As primitive solar system objects, comets and asteroids help us unlock the history that led to the formation of the planets and eventually, life on Earth. To study them, NASA and other space agencies have flown past some of these small bodies, deliberately crashed into one comet, and brought dust samples from another one back to Earth for study by scientists.
Spacecraft and Earth-based observations monitor and track asteroids and comets, most of which are too small or too distant to pose any danger to us. Scientists do keep extra-careful watch on those that approach a bit too close for comfort.
Near-Earth Objects: How Near is Too Near?
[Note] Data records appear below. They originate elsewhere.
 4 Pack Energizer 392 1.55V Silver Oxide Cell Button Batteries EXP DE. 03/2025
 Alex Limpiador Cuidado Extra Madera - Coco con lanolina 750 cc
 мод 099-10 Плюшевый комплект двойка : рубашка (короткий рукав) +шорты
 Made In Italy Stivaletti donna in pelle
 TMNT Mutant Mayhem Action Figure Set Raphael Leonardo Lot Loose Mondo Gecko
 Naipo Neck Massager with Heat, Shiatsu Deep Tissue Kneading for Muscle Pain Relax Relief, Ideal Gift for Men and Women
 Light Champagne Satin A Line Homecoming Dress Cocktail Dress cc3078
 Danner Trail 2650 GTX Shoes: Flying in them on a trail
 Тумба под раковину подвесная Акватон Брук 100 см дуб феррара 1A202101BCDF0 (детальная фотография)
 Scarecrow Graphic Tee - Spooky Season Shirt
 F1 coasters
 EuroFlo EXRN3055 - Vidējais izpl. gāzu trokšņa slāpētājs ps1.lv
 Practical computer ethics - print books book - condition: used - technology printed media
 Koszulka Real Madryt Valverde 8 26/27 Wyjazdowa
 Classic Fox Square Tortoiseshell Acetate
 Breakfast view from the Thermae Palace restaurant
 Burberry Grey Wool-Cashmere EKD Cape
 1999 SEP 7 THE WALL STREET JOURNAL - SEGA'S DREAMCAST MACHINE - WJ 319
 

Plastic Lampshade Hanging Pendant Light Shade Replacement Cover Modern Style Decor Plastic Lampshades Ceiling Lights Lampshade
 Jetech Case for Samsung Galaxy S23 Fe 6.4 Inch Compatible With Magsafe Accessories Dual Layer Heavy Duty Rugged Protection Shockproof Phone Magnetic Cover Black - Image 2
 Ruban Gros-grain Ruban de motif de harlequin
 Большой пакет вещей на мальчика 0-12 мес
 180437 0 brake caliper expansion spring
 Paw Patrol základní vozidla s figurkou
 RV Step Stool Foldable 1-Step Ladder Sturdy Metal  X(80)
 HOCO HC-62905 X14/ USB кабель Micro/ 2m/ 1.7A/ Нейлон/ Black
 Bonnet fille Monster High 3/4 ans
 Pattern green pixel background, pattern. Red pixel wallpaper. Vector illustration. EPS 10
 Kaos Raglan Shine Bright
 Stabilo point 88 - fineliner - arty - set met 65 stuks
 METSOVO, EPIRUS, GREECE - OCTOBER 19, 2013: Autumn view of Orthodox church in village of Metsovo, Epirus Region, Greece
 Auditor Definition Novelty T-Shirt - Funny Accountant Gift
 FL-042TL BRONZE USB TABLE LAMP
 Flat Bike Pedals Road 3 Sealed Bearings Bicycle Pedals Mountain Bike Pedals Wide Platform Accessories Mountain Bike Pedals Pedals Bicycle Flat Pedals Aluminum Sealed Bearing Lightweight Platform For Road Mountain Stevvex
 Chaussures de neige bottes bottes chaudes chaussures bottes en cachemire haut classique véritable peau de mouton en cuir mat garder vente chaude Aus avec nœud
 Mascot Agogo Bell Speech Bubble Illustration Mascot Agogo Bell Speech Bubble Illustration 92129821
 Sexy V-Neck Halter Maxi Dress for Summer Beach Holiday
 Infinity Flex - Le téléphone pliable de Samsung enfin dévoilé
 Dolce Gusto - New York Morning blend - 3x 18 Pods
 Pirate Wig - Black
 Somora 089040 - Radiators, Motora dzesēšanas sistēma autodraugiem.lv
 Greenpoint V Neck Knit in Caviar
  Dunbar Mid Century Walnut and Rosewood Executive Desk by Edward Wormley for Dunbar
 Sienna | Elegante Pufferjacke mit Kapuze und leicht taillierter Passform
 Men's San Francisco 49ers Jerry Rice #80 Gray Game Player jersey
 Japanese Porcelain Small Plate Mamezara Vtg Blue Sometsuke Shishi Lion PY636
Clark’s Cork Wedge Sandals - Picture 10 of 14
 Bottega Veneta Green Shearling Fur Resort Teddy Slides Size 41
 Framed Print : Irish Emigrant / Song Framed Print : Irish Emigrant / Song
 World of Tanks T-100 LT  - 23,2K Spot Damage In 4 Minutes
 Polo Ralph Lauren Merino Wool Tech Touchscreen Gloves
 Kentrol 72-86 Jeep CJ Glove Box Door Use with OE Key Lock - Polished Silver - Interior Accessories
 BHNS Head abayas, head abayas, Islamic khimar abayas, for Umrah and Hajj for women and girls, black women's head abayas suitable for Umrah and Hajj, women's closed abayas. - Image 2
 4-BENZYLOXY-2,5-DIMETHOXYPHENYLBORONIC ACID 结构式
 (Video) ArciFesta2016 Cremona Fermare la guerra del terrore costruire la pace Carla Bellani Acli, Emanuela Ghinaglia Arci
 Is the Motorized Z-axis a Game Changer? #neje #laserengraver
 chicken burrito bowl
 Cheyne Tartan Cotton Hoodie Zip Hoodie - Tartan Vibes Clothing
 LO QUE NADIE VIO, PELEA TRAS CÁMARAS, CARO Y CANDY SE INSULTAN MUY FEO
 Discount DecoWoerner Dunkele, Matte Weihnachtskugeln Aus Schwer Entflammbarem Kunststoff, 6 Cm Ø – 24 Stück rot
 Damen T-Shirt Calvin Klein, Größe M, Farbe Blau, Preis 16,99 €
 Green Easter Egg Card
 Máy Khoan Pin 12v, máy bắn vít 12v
JPL manages NASA's Center for Near-Earth Object Studies, which tracks and studies comets and asteroids that come close to Earth's orbital neighborhood. A Near-Earth Object (NEO) is generally defined as an asteroid or comet that approaches our planet less than 1.3 times the distance from Earth to the Sun (the Earth-Sun distance is about 93 million miles). Most NEOs pose no peril at all. It’s the small percentage of Potentially Hazardous Asteroids that draws extra scrutiny. These objects are defined as those that approach Earth at less than half the Earth-Sun distance.
Scientists and engineers are developing plans for warning systems and diversion tactics, just in case an asteroid should ever be found in an orbit that could endanger our planet.
More common and usually harmless are collisions between asteroids in space. The remnants of these space smashups may come toward Earth and burn up in our atmosphere. The fiery fragments, called meteors, and sometimes “shooting stars” — even though they’re not stars – can be a treat for anyone who happens to see them.